Take, for instance, our hope for freedom. We seek the freedom to do what we desire while craving the security of routine and comfort. This contradiction emerges in our everyday choices. Do we pursue a safe career or travel down the path of a more fulfilling dream? Do we travel the world or remain in the comforts of home?
We search for purpose while seeking to comprehend the randomness of life, even questioning what this thing we call life is at all. On the one hand, we set goals that determine our directional purpose. This clashes with much of life being outside our control, leading to inner conflict. Do we push for more, or surrender to the forces of fate?
We hold an idea of our idealised lives while struggling to bridge the gap between reality and aspiration. We seek productive days, yet sit lounging around bingeing Netflix and eating junk food. Societal pressures strain this gap between reality and aspiration further.
We can possess a belief, while still contradicting this belief with our actions. We could believe in sustainability, while possessing, wasting, and consuming more than we need. But we are not hypocrites. We live in a complex world where our ideals can be difficult to attain.
As I discussed last week, we can feel nostalgic for previous versions of ourselves and wish to return to this, while also appreciating our progress towards who we are today.

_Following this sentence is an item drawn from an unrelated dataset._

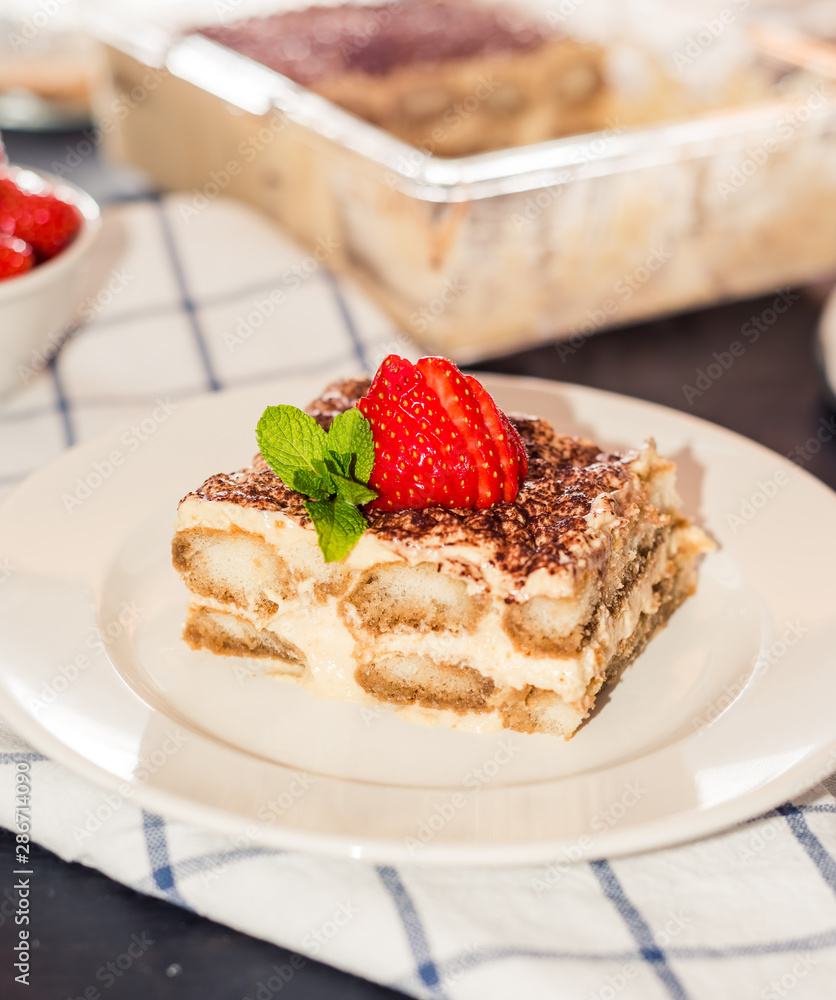 gourmet tiramisu dessert with strawberries in a beautiful plate on a dark background gourmet tiramisu dessert with strawberries in a beautiful plate on a dark background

We can even feel love and pain—or happiness and sadness simultaneously. This sums up a world of complexity. Specifically, that we are complex. We’re walking, talking uncertainties that don’t fit into neat categories. And that’s ok.
What does this mean for us? To start, it means progress is never linear. We take a step forward, and two backwards, before jumping three steps, only to move one back. It means we can easily get comfortable. It means we can get frustrated with ourselves as we seek to make sense of this personal paradox. For a man who discusses jigsaws representing life, very rarely do the pieces fit neatly together. We try to craft an external view that we have everything figured out. The internal reality is that this is an issue we never fully resolve.
We could interpret this lack of clarity as a personal flaw, but this friction is what makes us human. This friction, the tug-of-war between contradictions, is what shapes us as we adapt to the inevitable march of life. It should be welcomed that we are not static, but ever-changing. This is what makes life beautiful, right?